Ladies and gentlemen, we have a weener.

Slurping my coffee and whisking the eggs a little more aggressively than strictly called for, I proceeded to slam down the cast-iron skillet on the stove. I dumped the eggs into the heated skillet and tossed the bowl into the sink with a satisfying crash. I continued to make exasperated noises, huffing and banging and sighing. Passive-aggressive cooking, at its finest.

I cooked up six eggs. The kids each ate one bite and were 'so full.' Apparently they didn't see me STANDING THERE COOKING MOMENTS AFTER BECOMING VERTICAL. Nay, they doth protest too much, and the good lady ranteth-ed and rageth-ed. And left the dishes for someone else to wash, in a martyr's folly. Like I wasn't going to end up washing them myself. Riiiight.

After flouncing out of the kitchen in a huff, I flounced right back in, and set the still-warm eggs on the floor for the dog to eat. That will show them! The dog was eternally grateful, and totally didn't talk back or declare herself full. She licked the plate. Good dog. That will teach those kids.

A scant hour later, there were moans of starvation ringing through the house. Pancakes! Must. Eat. Pancakes.

DId I learn my lesson with the eggs? No. Hell, I even offered them yogurt again, because I just don't learn.

Fifteen minutes later, I had a short stack working and enough batter to feed a village. You know what? They didn't really like'em. Not even with syrup. Because they were just too pancake-ish. Too pancaka. Too pan-poopie. Believe you me there was flouncing and huffing and wild predictions of them digging up roots to eat from the yard, of scavanging for berries because as y'all are my witnesses I was nevah cookin' again.

I banished them to the yard.

Another hour passed, and when the mewling started up again, I almost hurled a yogurt container at the first one through the door. Restraining myself, I ended up squashing the container in my fist, splooging Baby Yo all over my wrist in my fury at their audacity. You want what? Oh, no. Mommy don't cook that.

"Daaaaaddy! We're hungry!"
"Hey, let's get donuts!"

Any clue about who "good cop" is in our family?

I threw up my hands, and made another cup of coffee. The big kids went with Daddy, while my three year old stayed home with me, against her will. Which she made known. Ahem. MADE KNOWN.

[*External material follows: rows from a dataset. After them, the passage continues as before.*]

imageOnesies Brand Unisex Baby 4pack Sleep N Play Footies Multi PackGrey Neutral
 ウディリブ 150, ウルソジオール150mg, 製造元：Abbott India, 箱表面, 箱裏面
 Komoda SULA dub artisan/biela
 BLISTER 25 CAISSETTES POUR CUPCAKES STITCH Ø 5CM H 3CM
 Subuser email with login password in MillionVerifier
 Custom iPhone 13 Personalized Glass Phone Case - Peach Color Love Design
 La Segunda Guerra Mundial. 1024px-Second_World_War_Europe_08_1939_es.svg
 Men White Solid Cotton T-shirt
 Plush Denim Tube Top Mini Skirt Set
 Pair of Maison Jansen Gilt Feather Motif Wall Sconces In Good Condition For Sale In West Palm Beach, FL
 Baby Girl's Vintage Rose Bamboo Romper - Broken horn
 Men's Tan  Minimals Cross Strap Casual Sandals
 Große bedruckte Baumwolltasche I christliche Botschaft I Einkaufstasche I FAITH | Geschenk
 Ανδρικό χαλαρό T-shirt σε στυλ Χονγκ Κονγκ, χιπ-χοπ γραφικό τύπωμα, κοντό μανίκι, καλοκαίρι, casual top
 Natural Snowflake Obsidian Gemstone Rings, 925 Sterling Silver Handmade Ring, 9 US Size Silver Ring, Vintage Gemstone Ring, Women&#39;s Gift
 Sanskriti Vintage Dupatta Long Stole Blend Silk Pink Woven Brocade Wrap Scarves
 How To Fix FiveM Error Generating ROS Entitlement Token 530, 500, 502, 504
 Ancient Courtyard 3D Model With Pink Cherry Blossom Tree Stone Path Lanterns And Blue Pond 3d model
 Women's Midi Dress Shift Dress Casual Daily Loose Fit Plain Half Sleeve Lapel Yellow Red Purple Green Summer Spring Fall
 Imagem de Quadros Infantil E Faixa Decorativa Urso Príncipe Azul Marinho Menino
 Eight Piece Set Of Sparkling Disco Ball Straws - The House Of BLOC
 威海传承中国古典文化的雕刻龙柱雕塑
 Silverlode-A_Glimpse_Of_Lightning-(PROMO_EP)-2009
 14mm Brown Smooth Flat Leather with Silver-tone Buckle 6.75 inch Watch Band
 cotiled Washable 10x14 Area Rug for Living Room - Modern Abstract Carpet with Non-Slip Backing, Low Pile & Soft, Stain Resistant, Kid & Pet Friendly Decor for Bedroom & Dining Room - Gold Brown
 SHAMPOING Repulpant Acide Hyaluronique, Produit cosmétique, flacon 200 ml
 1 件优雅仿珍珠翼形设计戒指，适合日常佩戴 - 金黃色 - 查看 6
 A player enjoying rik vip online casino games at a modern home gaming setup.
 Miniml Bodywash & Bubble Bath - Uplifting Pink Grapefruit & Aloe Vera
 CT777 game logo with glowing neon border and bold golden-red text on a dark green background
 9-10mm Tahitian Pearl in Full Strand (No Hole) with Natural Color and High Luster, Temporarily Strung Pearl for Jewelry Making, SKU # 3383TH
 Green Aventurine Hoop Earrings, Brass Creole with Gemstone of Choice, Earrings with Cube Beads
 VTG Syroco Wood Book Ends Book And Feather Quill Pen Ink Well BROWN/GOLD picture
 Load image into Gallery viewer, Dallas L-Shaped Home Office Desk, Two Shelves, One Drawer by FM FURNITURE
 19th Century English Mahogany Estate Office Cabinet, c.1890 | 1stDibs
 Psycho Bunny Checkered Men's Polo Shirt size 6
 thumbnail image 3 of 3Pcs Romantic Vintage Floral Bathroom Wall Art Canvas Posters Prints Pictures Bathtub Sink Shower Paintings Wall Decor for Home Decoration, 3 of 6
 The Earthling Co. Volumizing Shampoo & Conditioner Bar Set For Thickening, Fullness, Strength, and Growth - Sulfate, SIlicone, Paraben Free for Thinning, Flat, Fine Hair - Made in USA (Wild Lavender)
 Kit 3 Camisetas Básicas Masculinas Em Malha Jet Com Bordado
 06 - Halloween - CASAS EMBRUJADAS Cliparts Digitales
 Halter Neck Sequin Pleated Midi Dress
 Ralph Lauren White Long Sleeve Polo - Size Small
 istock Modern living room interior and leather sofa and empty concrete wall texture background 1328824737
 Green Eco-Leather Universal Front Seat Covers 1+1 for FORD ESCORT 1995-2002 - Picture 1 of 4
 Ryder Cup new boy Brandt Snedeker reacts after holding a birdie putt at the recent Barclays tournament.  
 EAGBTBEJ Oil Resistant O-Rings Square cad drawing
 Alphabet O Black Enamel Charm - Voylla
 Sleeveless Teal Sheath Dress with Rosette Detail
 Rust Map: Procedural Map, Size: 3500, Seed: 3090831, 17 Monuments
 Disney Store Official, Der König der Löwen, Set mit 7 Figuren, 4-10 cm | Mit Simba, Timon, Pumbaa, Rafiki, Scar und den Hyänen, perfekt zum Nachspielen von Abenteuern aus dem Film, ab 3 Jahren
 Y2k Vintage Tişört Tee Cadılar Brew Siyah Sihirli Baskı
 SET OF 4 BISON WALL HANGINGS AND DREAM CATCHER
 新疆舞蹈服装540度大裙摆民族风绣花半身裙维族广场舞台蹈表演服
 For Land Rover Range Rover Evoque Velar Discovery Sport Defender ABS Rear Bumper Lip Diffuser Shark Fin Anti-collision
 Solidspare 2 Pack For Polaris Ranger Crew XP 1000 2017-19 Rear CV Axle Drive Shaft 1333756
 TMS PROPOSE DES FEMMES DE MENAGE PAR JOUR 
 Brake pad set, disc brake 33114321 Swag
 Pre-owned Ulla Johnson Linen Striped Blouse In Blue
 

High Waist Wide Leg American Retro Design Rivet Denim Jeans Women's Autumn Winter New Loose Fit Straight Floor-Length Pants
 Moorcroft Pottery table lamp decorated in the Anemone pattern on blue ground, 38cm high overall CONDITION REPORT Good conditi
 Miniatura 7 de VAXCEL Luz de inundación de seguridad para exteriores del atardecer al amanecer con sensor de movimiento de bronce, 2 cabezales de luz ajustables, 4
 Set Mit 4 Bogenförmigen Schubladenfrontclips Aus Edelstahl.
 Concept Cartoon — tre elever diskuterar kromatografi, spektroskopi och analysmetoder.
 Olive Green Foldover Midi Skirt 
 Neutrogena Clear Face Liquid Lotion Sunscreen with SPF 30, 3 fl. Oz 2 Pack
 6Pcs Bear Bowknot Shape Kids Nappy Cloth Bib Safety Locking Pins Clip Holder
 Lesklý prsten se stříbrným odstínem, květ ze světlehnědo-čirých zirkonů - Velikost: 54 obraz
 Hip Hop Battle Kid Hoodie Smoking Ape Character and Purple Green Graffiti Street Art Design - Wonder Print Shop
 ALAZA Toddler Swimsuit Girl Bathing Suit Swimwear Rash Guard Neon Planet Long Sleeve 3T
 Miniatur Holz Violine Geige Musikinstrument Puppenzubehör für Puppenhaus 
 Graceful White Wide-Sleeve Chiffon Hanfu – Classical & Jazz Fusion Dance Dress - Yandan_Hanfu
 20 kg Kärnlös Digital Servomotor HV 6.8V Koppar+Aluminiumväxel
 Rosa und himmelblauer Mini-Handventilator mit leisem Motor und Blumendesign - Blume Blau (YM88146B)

She paced back and forth in the front yard, ponytail bobbing as she ranted about the injustice of being too small, too ill-tempered, too squirrelly to be trusted on a trip to the donut store. Then she heard my husband's car pull into the driveway, and like one of those cartoon pointer dogs, her entire body went momentarily rigid, nose pointed at the gate. As her siblings burst through, bearing a pink box of child-rev'em-up, she inexplicably seized the hem of her dress and yanked the whole thing over her head in one fluid motion, swung it around several times, and launched it into the wisteria bushes.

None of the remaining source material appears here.